The lifetime analysis results will be presented as incremental cost per QALY gained for both the mother and child, separately and combined. Cost–benefit analysis ratios (defined as incremental health-care savings divided by incremental intervention cost) will be produced for the lifetime time horizon. Deterministic and probabilistic sensitivity analyses will be undertaken for the range of areas of uncertainty (informed by the 95% confidence interval or standard error of the mean input value where available) to explore underlying model assumptions. One-way sensitivity analysis will be undertaken to demonstrate the impact of varying specific inputs for: self-reported outcomes; alternative discount rates (3% and 7%); varying relapse rates and changing adherence rates. Two-way sensitivity analysis will be carried out on variables found to substantially increase the ICER in one-way sensitivity analysis, and those which are correlated. Probabilistic sensitivity analysis will be undertaken using model parameter distributions for ESIP’s 390 input variables. Methods used for fitting distributions have been described elsewhere [35]. Ten thousand Monte Carlo simulations will be performed, and cost-effectiveness acceptability curves produced.

Discussion

While many pregnant women are highly motivated to quit smoking [56], they face significant challenges including a lack of effective support from clinicians [57]. This study represents one of the few analyses conducted of the cost-effectiveness of smoking cessation interventions that target antenatal healthcare providers for pregnant women and conducted under ‘real world’ conditions. There is increasing demand for evidence of cost-effectiveness of implementation of healthcare interventions to provide policy makers with critical information for the best value-for-money spend on finite budgets. Randomised controlled trials of the clinical effectiveness of interventions and their implementation can provide good opportunities to conduct an economic evaluation alongside the trial, provided the appropriate steps are taken from the outset to ensure that the design of the trial is fit-for-purpose [51]. Decreasing antenatal smoking to reduce the effects on pregnancy and newborn outcomes is a government priority [58, 59]. Evidence of the effectiveness and cost-effectiveness of smoking cessation interventions is required to implement evidence-based, health system-wide SCS innovations. This study will provide evidence of MOHMQuit’s costs and benefits to inform decisions on scalability.
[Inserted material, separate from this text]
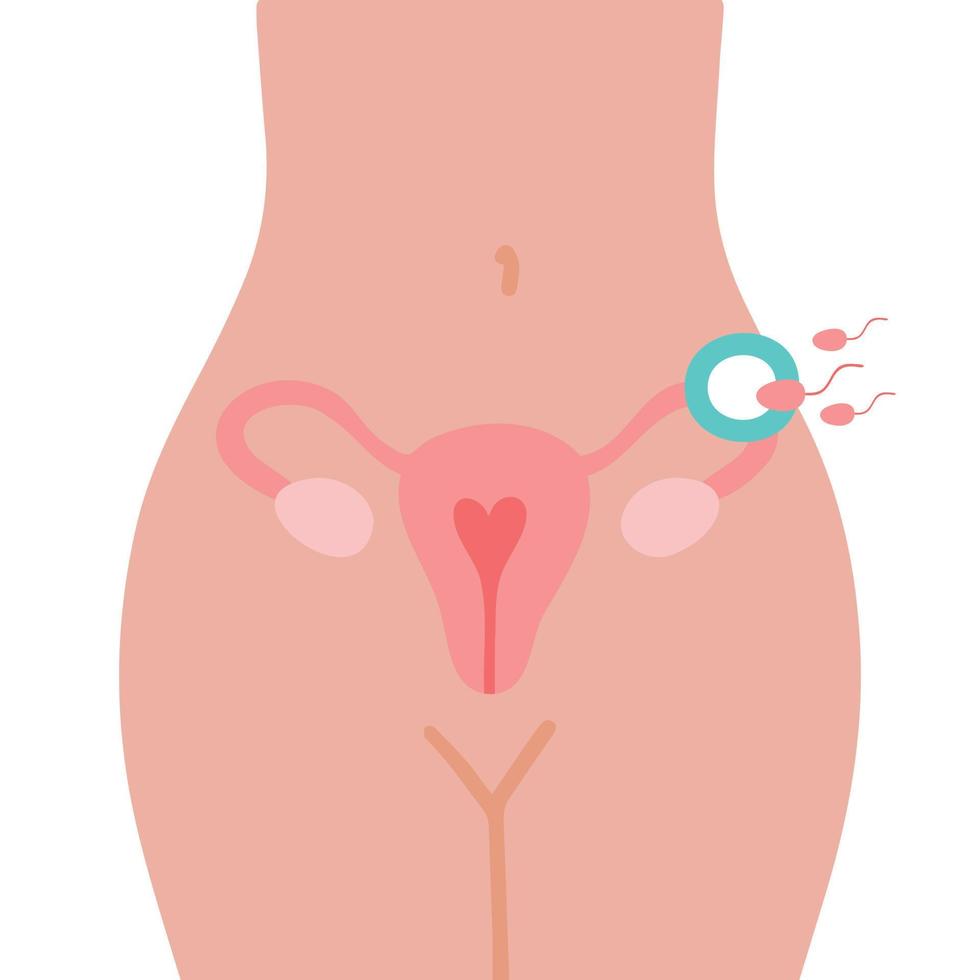 Fertilization icon. Uterus, sperm, insemination. Fertilization in the fallopian tube. Embryology. vector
The MOHMQuit trial economic evaluation has been planned using available national and international guidelines for conducting economic evaluations [51, 60], promoting greater transparency in the methods undertaken and increasing the rigor and validity of the findings. While it will draw on the MOHMQuit trial results for model inputs, the economic evaluation will adopt its own methods and analysis and results will be reported separately from the main trial without duplicating information. The ESIP model provides a comprehensive approach to estimating costs, outcomes, and long-term cost-effectiveness and cost-utility, of smoking cessation interventions in pregnancy [35]. Its ability to provide common outcome measures (for example, incremental cost per QALY) allow comparisons between smoking cessation and other healthcare interventions. Where possible, ESIP will be populated with NSW and Australian data, however initial investigations have found that local level data may not be available for all model parameters. The analysis might be strengthened through adaptation of the ESIP model to allow for comparison between population sub-groups with higher rates of smoking in pregnancy. The study will provide essential policy-relevant information for decision makers on the value of evidence-based implementation of support for antenatal healthcare providers delivering SCS for pregnant women.